A.E. Stallings spoke before a full audience on Monday, Nov. 2 at 7:00 p.m. in Viking Theater. The event was open to the public, and students, faculty and poetry enthusiasts alike crowded inside the venue to hear Stallings’ poetry come to life.
After studying classics in Athens, Ga., Stallings moved to Athens, Greece in 1999. She has published three collections of poetry. She received the Richard Wilbur Award for her first collection, “Archaic Smile,” which was published in 1999.
Stalling’s work has also earned her several fellowships, including one from the MacArthur Foundation in 2011. In addition to her poetry, Stallings has distinguished herself through her translation work, specifically through her translation of Lucretius in rhyming Fourteeners, titled The Nature of Things.
Stallings began by reading several impressive poems, including: “The Mother’s Loathing of Balloons,” “Handbook of the Foley Artist,” “Sestina: Like” and “First Love: A Quiz.” With each poem, she completely embodied the language through her posture, facial expressions and cadence of speech.
Often, when a piece concluded, the thoroughly enraptured audience did not realize the poem had come to an end – Stallings let her words diffuse throughout the silent room for a moment before punctuating her piece with a sip of water.
She finished the reading portion of the event with “Lost and Found,” a mini-epic that detailed a mother’s constant search for missing items in her house. After that, she talked about her translation work. She explained that she got into translation through a university assignment. Stallings had the option to compose a hendecasyllabic poem in Latin or write a translation of a classic text. The audience chortled along with her as she justified the decision she made:
“Poets are lazy, otherwise we’d be novelists,” Stallings said. “So I translated the poem and never stopped.”
A question and answer portion concluded the event. Although a few audience members asked questions, most asked Stallings to read more poetry, and she graciously agreed to read a few requests. A few highlights included “After a Greek Proverb” and “Triolet on a Line Apocryphally Attributed to Martin Luther.”
Stallings dedicated two days to working with St. Olaf students.
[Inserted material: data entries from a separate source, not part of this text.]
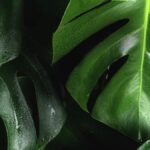 bitkiler acı hisseder mi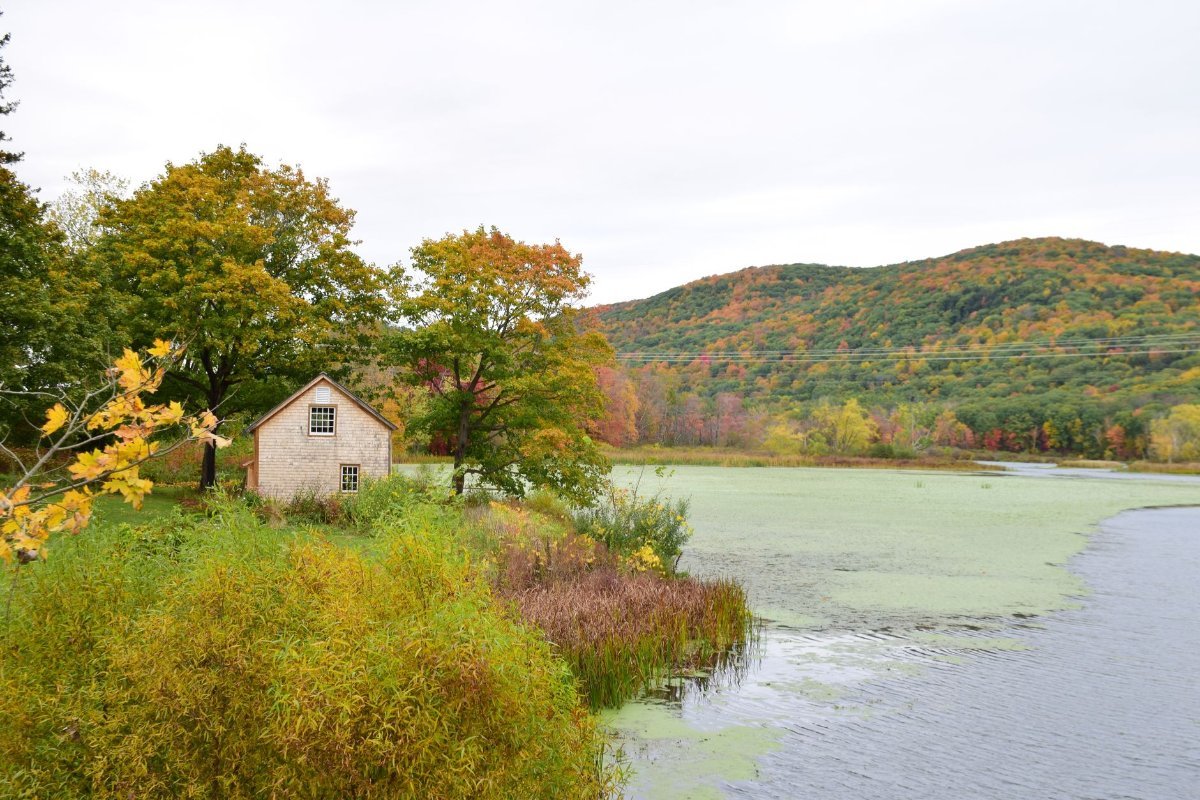 Rolling autumn countryside in the Berkshires of Massachusetts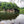 Deep Creek - Savage River State Forest: Maryland Map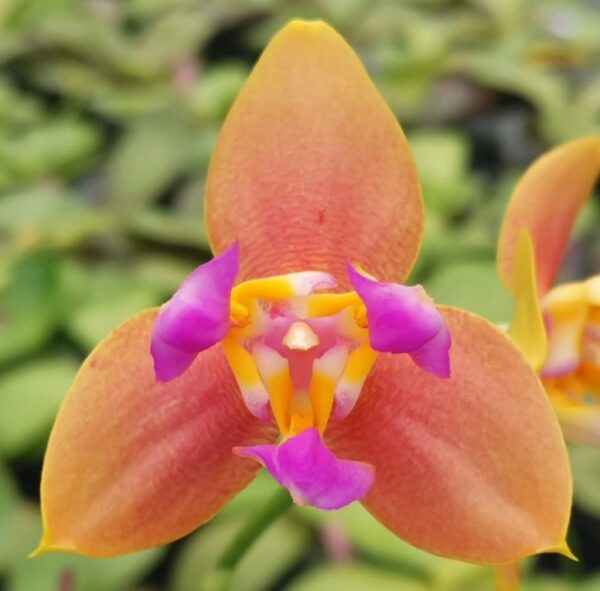 Phal. PF 5074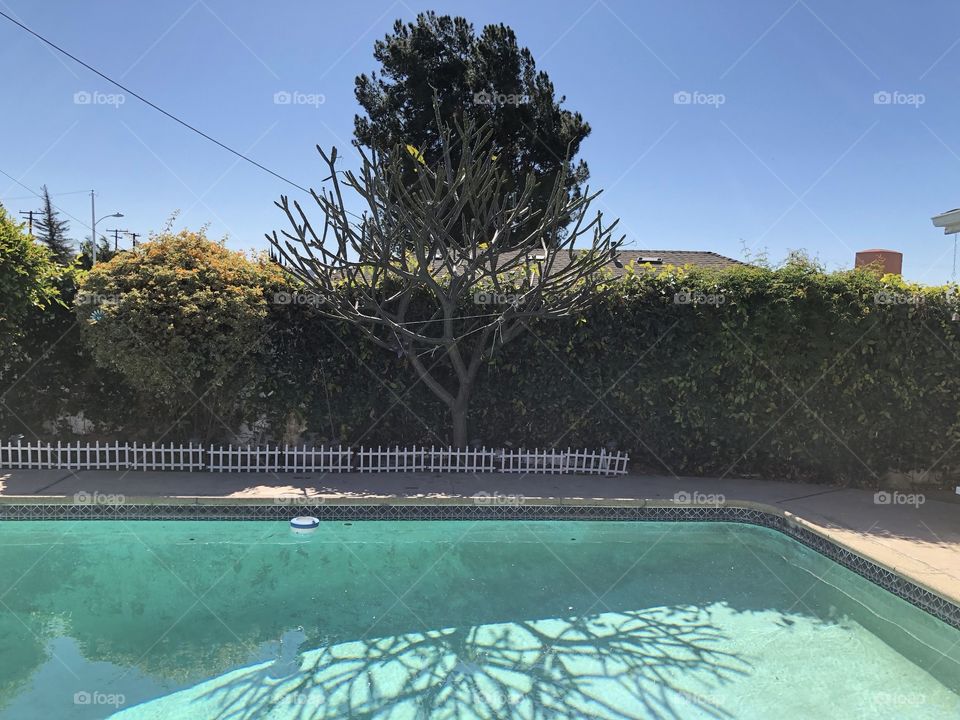 Backyard shots on a crisp & sunny February day in Southern California 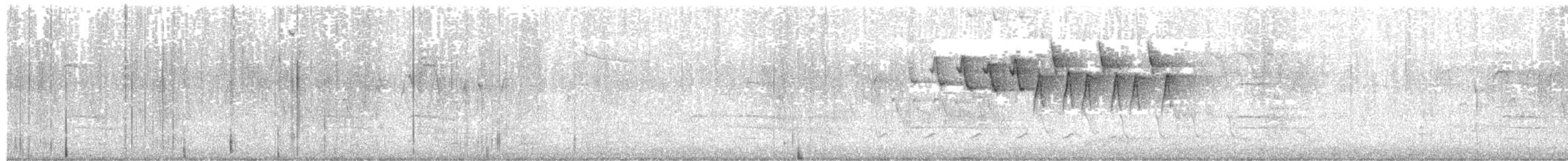 Nashville Warbler - ML637441266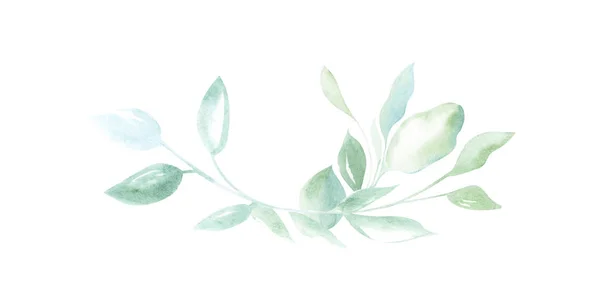 Illustrazione Disegno Acquerello Elementi Decorativi Piante Verdi Foglie Sotto Forma — Foto Stock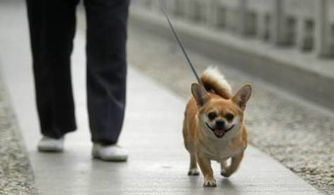 今天起徐州市区开始整治违规养犬,不符合这些规定的犬只将被 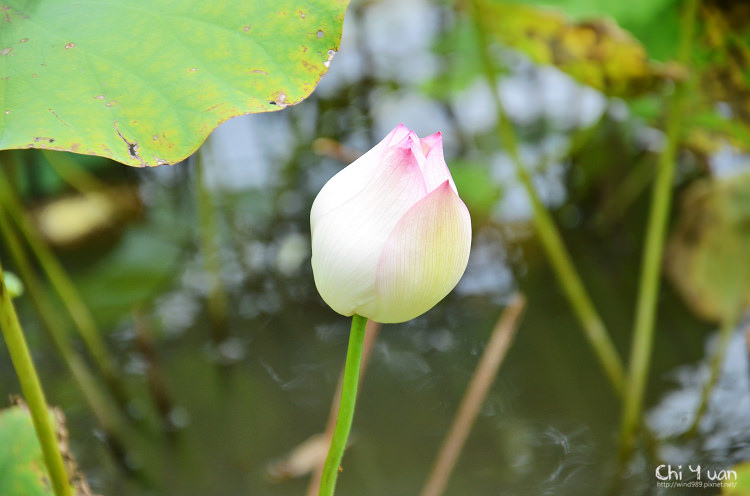 華山荷花08.jpg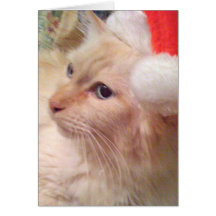 Cokie Cat Sm Christmas Cards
She performed poetry, visited classes, hosted questions and chatted with students about her poetry, translations and knowledge of mythology. On Tuesday, Nov. 3, students studying English and classics gathered in the Norway room for cider, cookies and conversation with Stallings.
As a formalist poet, Stallings writes about modern ideas in traditional forms. Sonnet, ghazal, villanelle and sestina are just a few of the traditional forms in which her poetry takes shape.
“All poetry is experimental,” she said. “There is a lot more similarity between formalist and avant-garde poetry than we often think. Both have arbitrary formal restraints,” she said. “I am interested in the technique – how it opens up creativity.”
She went on to explain that although critics of formalism argue that certain structural patterns limit formalist poets, emphasis on certain themes and topics limit avant-garde poets today. Great poetry emerges when artists create new material within these confines of form and content.
Stallings explained that her best advice for young poets is to write as much as possible and to write about topics and ideas they like. She also recommended that poets read the work of other writers.
“Read a lot of poetry,” she said. “Memorize it so that it becomes part of your brain. Then you can embody it.”
Stallings has certainly mastered the embodiment of poetry, and her visit inspired St. Olaf students to fully dedicate themselves to whatever activity or subject area in which they are interested.